Com sorte, o visitante apanha a bisneta do próprio Mestre como guia! O seu conhecimento incrível sobre o antepassado é capaz de maravilhar até o mais desinteressado dos turistas, bastando para isso mencionar o desastre de barco que vitimou uma série de pinturas suas, ou a forma como passava temporadas em cavernas ao pé do mar, à procura da luminosidade ideal, enquanto recebia comida e bebida por um cesto à corda.
Uma casa com aves de rapina por nome
Diga-se que esta jóia de museu, o único do país dedicado exclusivamente à aguarela, se deve em grande parte aos esforços hercúleos dos descendentes do pintor que, através do Centro de Artes e Ofícios Roque Gameiro, conseguiram no meio de tantas outra iniciativas, sediá-lo na Casa dos Açores.
E que casarão este! À semelhança do Casulo de Malhoa, temos de novo aliada à arte da pintura a arte da arquitectura. E que mistério encerra! Quem se aproxime, há de reconhecer alguns traços curiosos de outras obras espalhadas pelo país.
Não é necessário ser muito letrado na área. O próprio autor deste artigo suspeitou, logo à partida, do nome por detrás da obra, nomeadamente, Raul Lino. Ora aqui é que se insere o verdadeiro mistério. Raul Lino, não assina o projecto.

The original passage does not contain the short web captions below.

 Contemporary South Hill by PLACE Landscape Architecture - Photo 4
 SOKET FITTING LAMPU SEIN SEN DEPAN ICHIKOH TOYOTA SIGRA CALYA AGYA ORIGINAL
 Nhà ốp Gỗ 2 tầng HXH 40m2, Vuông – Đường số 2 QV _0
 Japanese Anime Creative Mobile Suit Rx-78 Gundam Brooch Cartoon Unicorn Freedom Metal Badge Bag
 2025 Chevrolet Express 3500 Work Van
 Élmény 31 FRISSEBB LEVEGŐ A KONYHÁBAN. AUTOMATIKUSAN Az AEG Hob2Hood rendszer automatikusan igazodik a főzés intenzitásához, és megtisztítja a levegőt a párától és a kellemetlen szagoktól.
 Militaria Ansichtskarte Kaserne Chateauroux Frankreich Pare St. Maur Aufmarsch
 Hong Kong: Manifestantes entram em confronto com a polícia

Aliás, à data da sua construção, Raul Lino não tinha ainda o canudo – para o qual, aliás, nunca estudou e que conseguiria ter por equivalência e provas dadas no mercado. Esse génio da arquitectura, à altura, ainda tinha os seus amigos e mestres a assinarem por si os projectos que fazia, já que ele não podia.
Portanto, Raul Lino não é o arquitecto oficial da Casa dos Açores. Mas se tivermos em conta que a casa tem todas as características da experimentação que Raul Lino fazia da arquitectura portuguesa, que Roque Gameiro era seu grande amigo, e ainda que Raul fez uma casa para o seu amigo aguarelista na Amadora (esta sim, assinada por si) bem como outro museu no país dedicado ao pintor, não é de estranhar que se assuma que tenha sido o mestre a arquitectá-la. Ainda para mais, possui até elementos neo-mouriscos semelhantes a paragens por onde o Raul Lino andou de passeio.

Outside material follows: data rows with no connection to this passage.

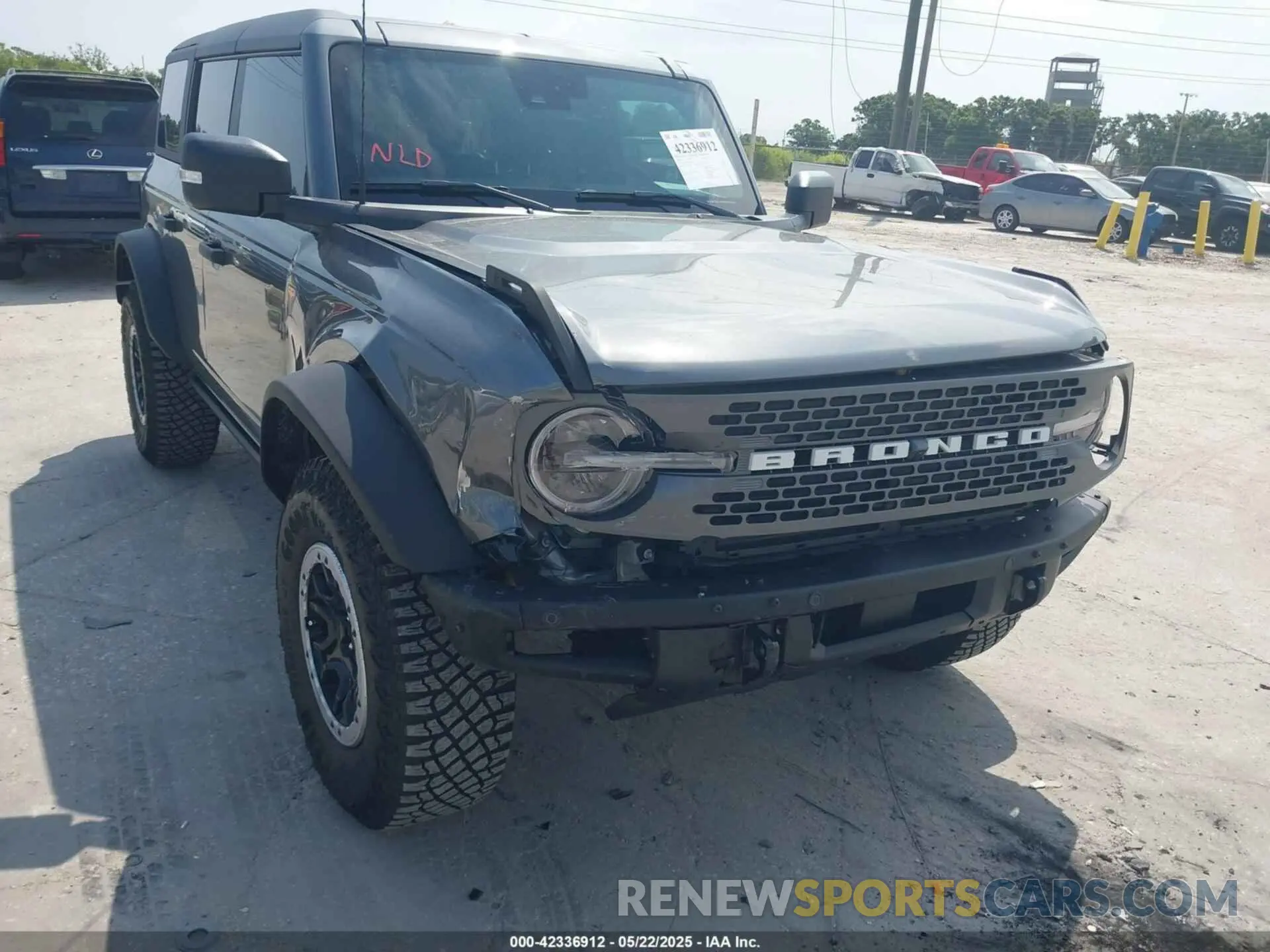 6 Photograph of a damaged car 1FMEE9BPXRLB28517 FORD BRONCO 2024
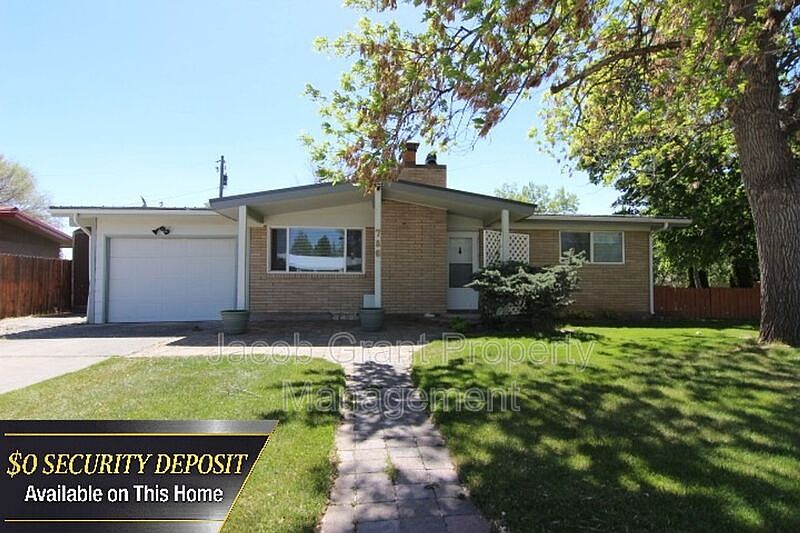 1st image of 786 Sykes Dr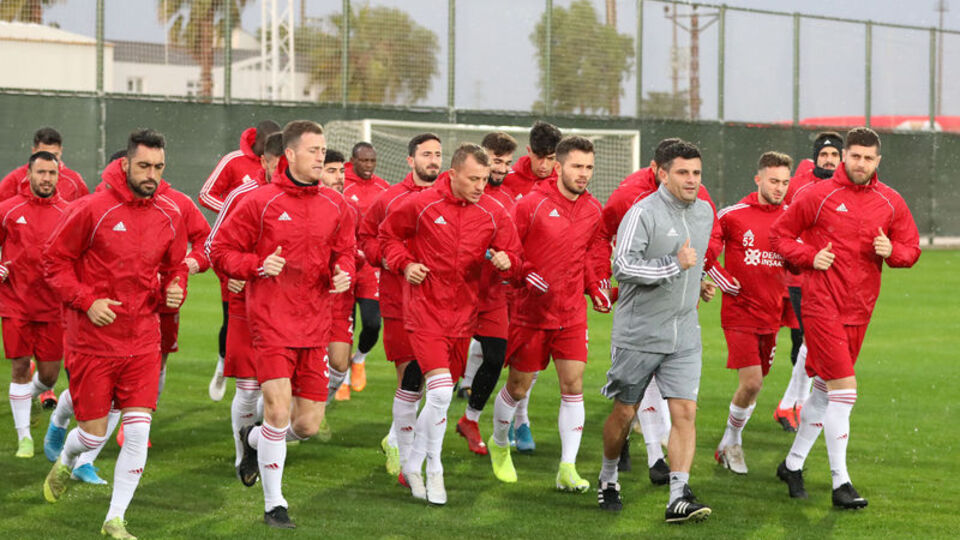 Liderde ikinci yarı hazırlıkları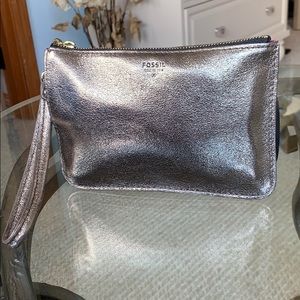 FOSSIL Leather gold wristlet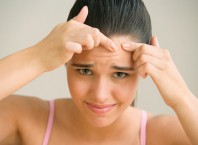 Как быстро лишиться от прыщей на лице без следов?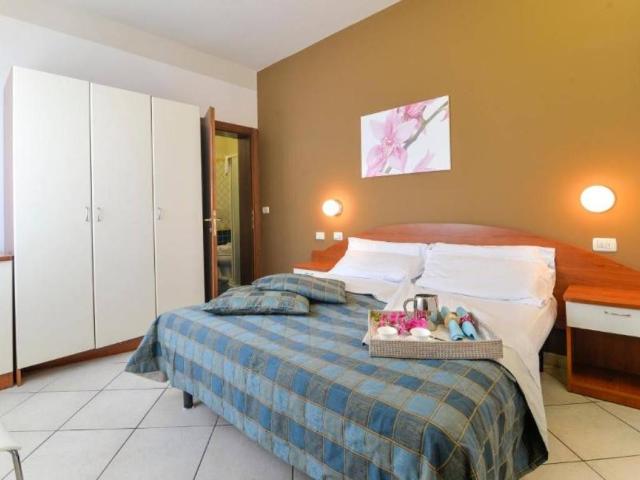 Palazzo / Stabile in vendita a Rimini RN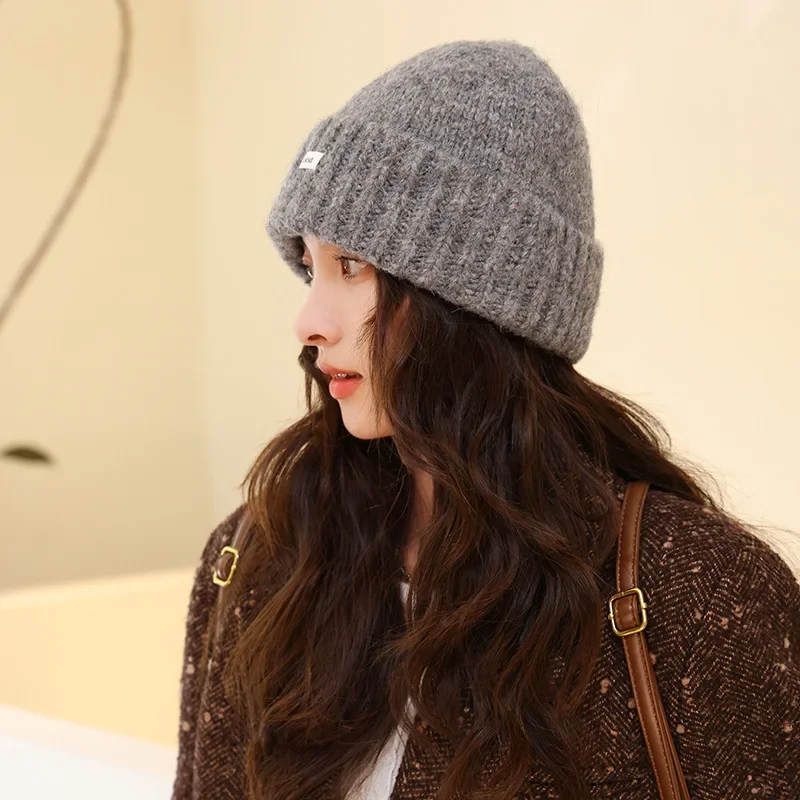Модная вязаная кепка с большой головой женская осенне-зимняя ткань надписью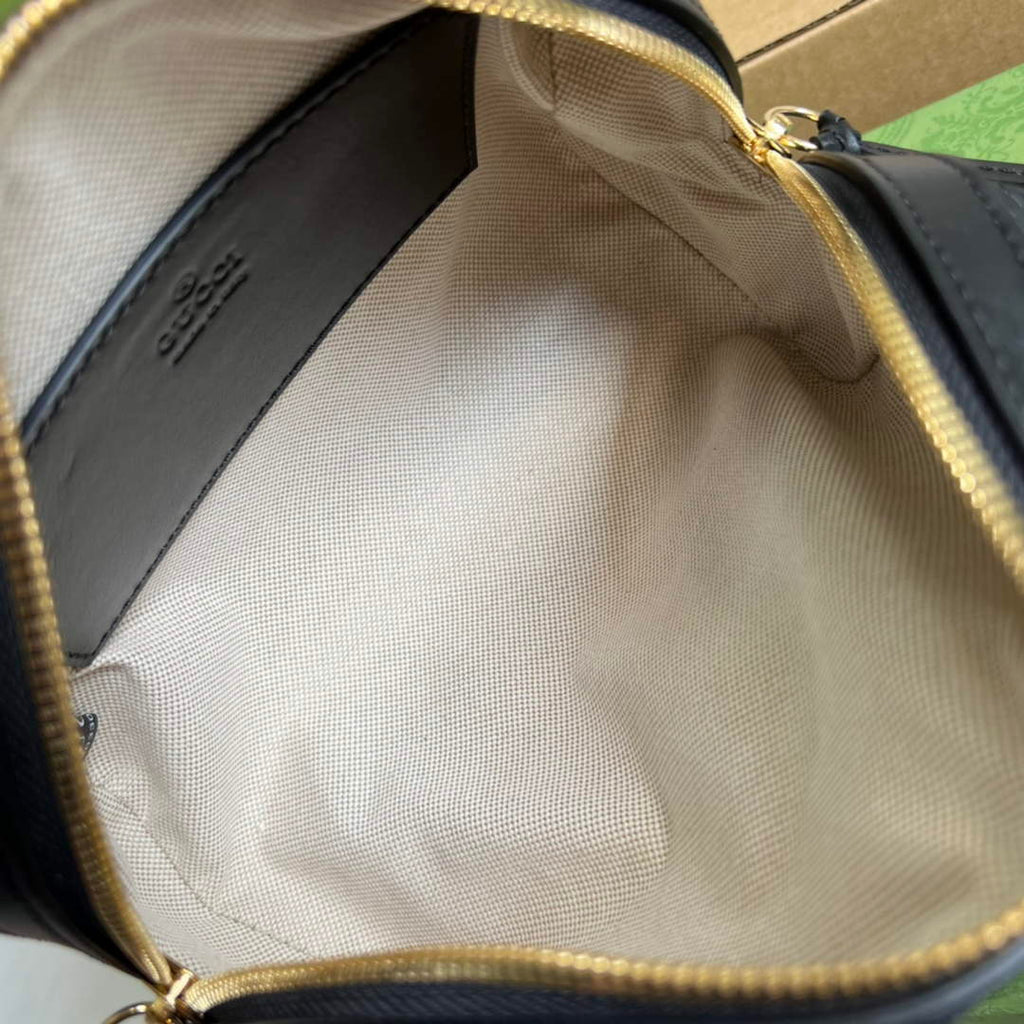 Gucci ‎702251 GG Matelassé leather mini bag Black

Com tanto para oferecer, vale mesmo a pena parar e ficar. Não só para desvendar a incrível talha dourada da igreja matriz, os múltiplos eventos ao longo do ano (o JazzMinde ou o NaturaMinde, por exemplo) ou ainda os tesouros cársicos em volta, perfeitos para BTT, parapente e espeleologia. E sem esquecer a já mencionada gíria local, o minderico, reconhecido internacionalmente pelo SIL International como língua autónoma de defesa, ou seja, criada e usada pelos feirantes mindericos, viajantes por todo o país, empenhados em entenderem-se entre si, sem que mais ninguém os percebesse. Assim, antes de passarmos à próxima etapa do percurso, há que abobrar por um pouco, mirantar a paisagem, ambrosiar e tirar as alexandrinas todas.